╭─ THE DATA
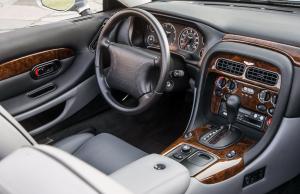Aston Martin DB7 Volante 1997 года  (NA)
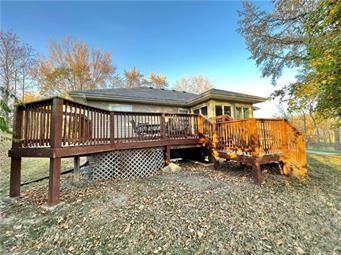 10207 NW Barry Road — photo 40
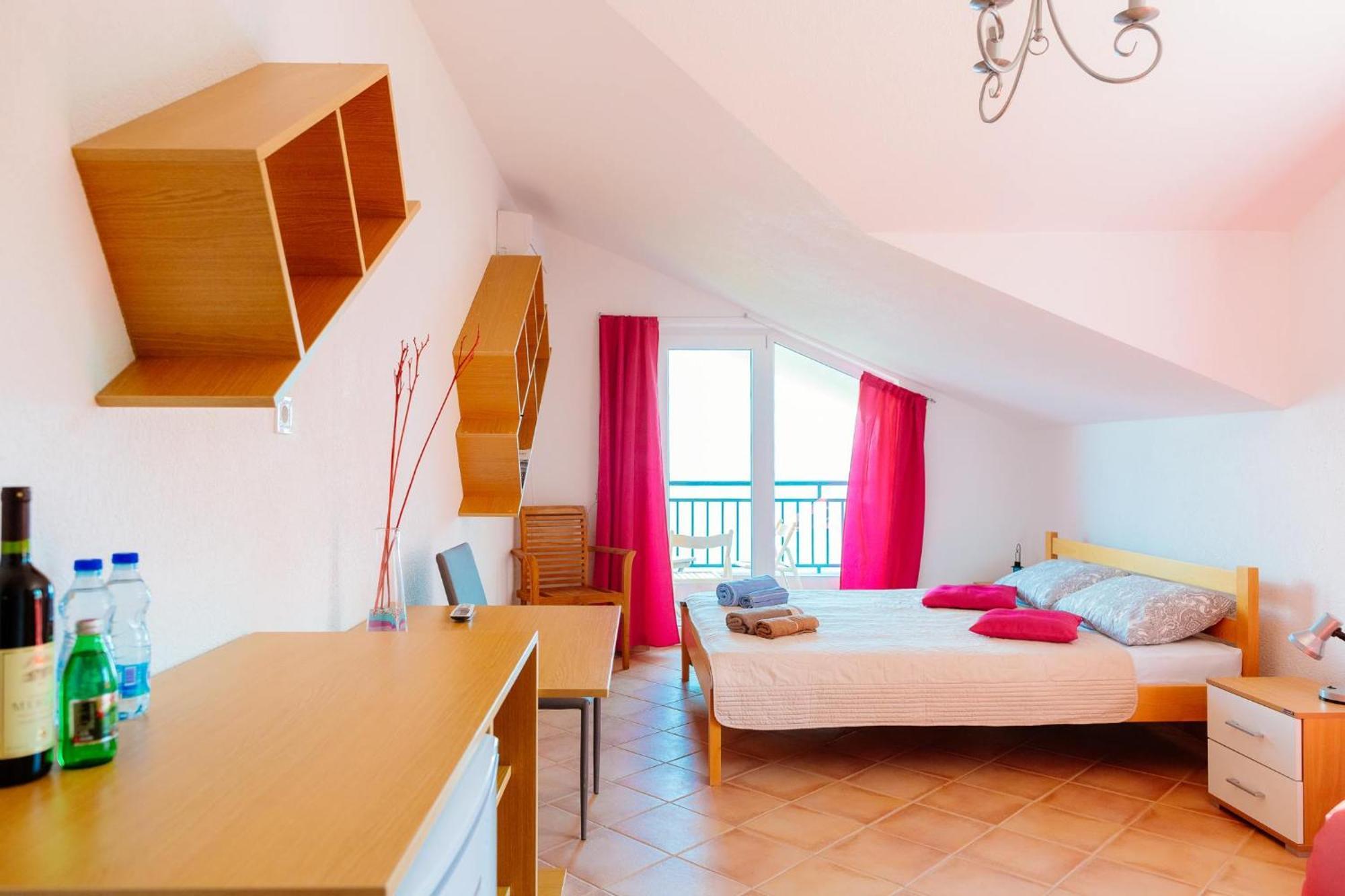 Odessa Mama Apartment Bijela Phòng bức ảnh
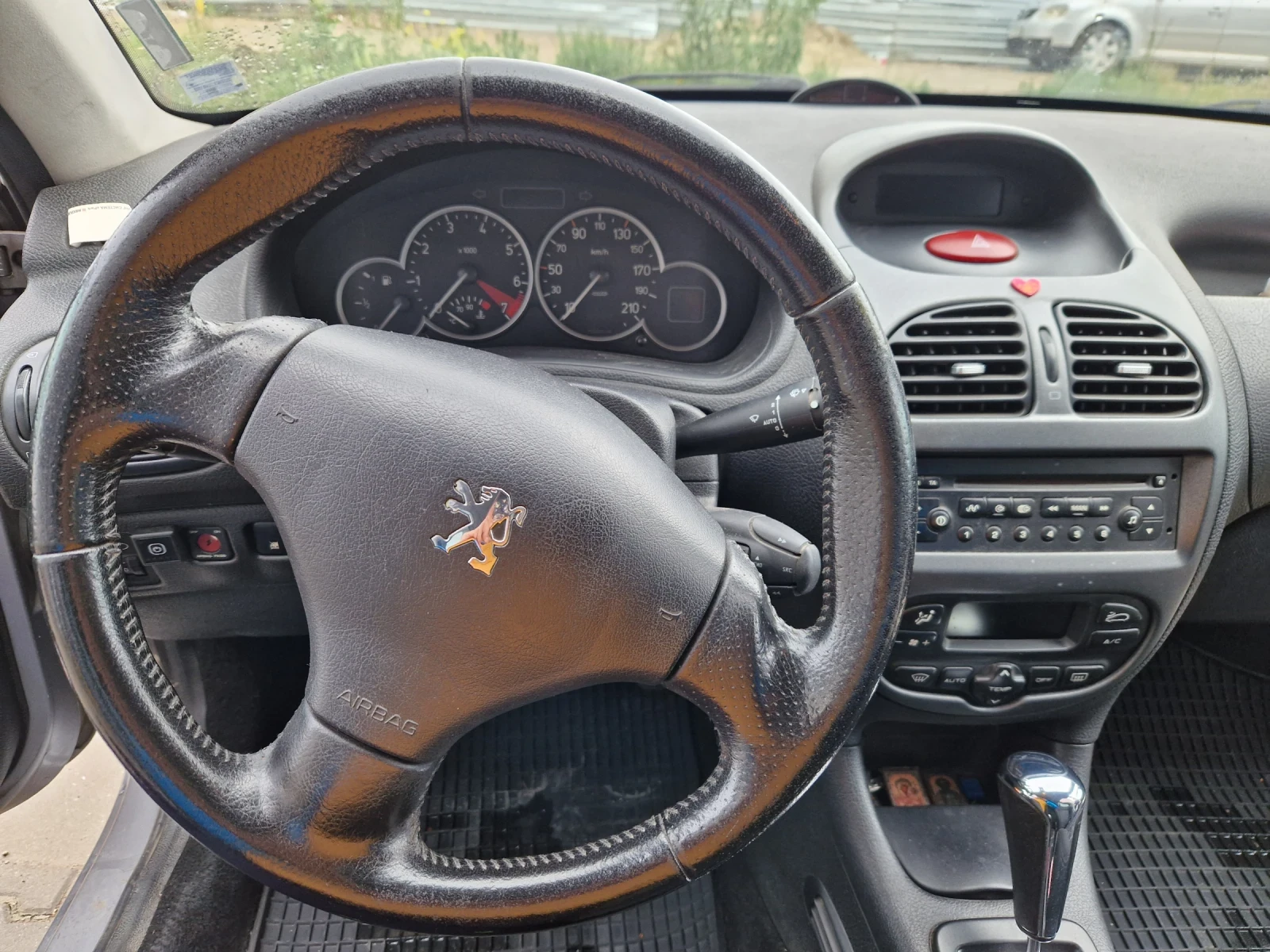 Peugeot 206 1, 6 16v, automat, GAZ, снимка 9 - Автомобили и джипове - 55809850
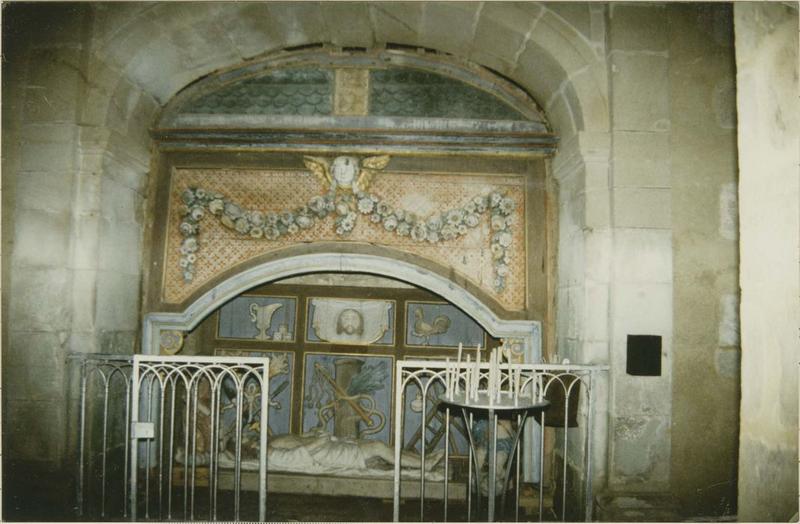 niche, bas-reliefs : Les Instruments de la Passion, groupe sculpté : Sépulcre ou Christ au tombeau, vue générale - © Ministère de la Culture (France), Médiathèque du patrimoine et de la photographie (objets mobiliers), tous droits réservés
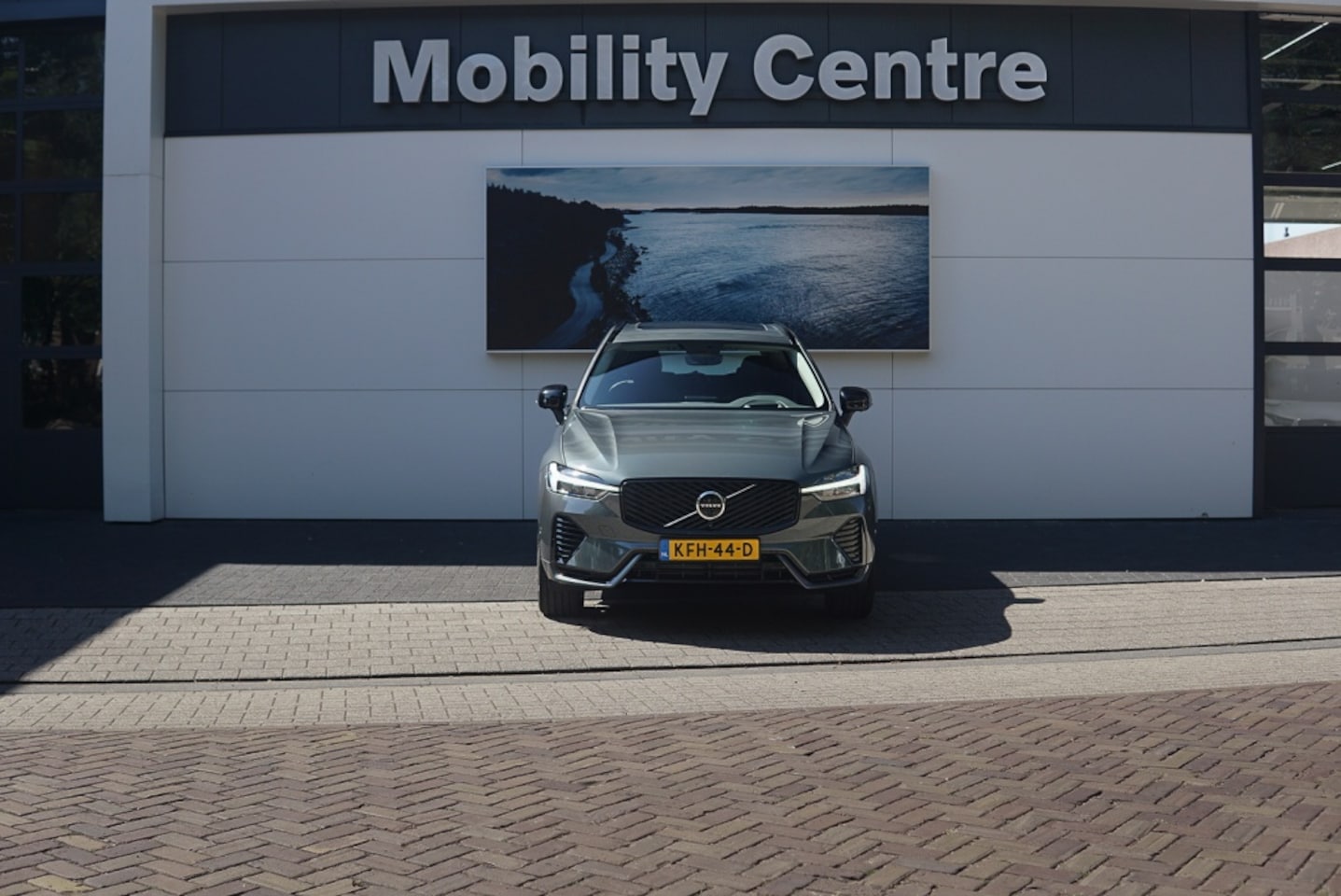 Volvo XC60 - T6 AWD Plus Dark | Head-up display | 360-camera | Schu - AutoWereld.nl
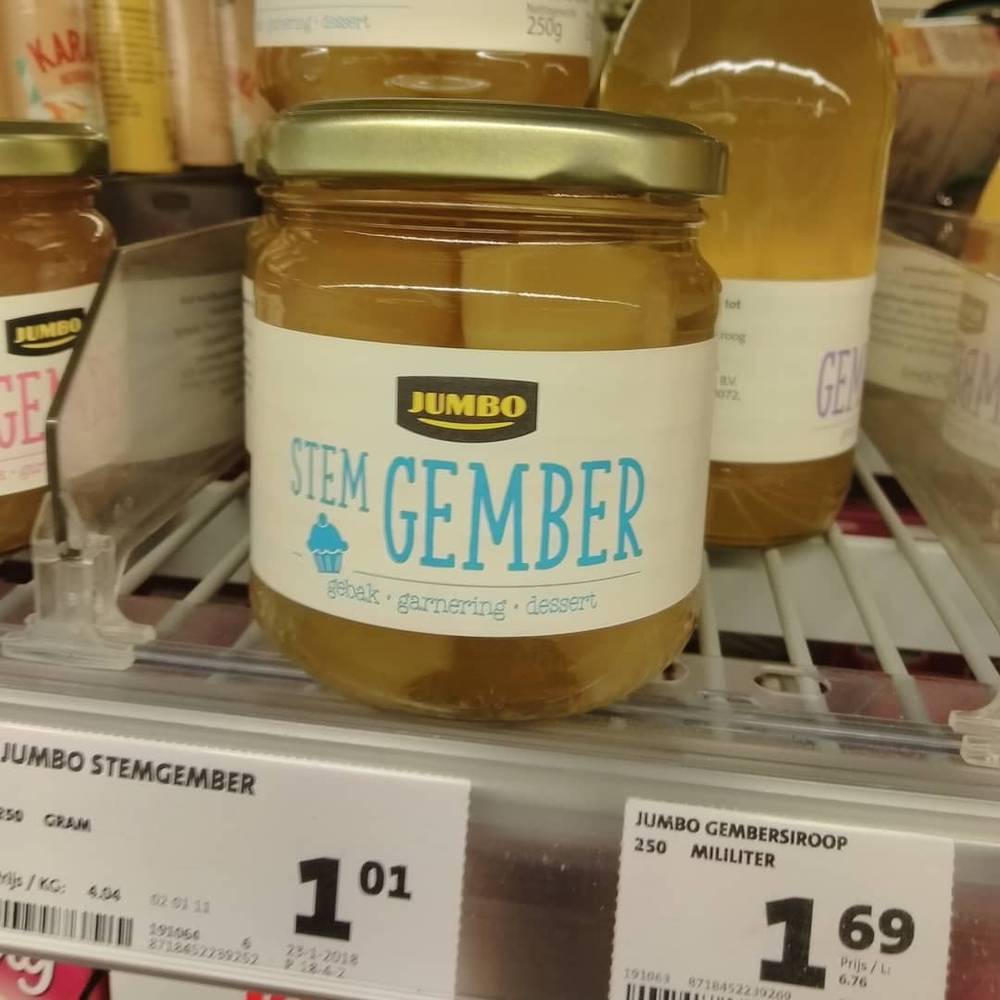 Supermarket shelf with jars of Jumbo 'Stemgember' ginger and price labels.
╰─
> _THE PROBLEM_:
Your copy should hold exactly the lines from the line bearing "10207 NW Barry Road — photo 40" through the end of the data, both included, and no pictures or anything further.

> _RESULT FOR THIS EXERCISE_:
 10207 NW Barry Road — photo 40
 Odessa Mama Apartment Bijela Phòng bức ảnh
 Peugeot 206 1, 6 16v, automat, GAZ, снимка 9 - Автомобили и джипове - 55809850
 niche, bas-reliefs : Les Instruments de la Passion, groupe sculpté : Sépulcre ou Christ au tombeau, vue générale - © Ministère de la Culture (France), Médiathèque du patrimoine et de la photographie (objets mobiliers), tous droits réservés
 Volvo XC60 - T6 AWD Plus Dark | Head-up display | 360-camera | Schu - AutoWereld.nl
 Supermarket shelf with jars of Jumbo 'Stemgember' ginger and price labels.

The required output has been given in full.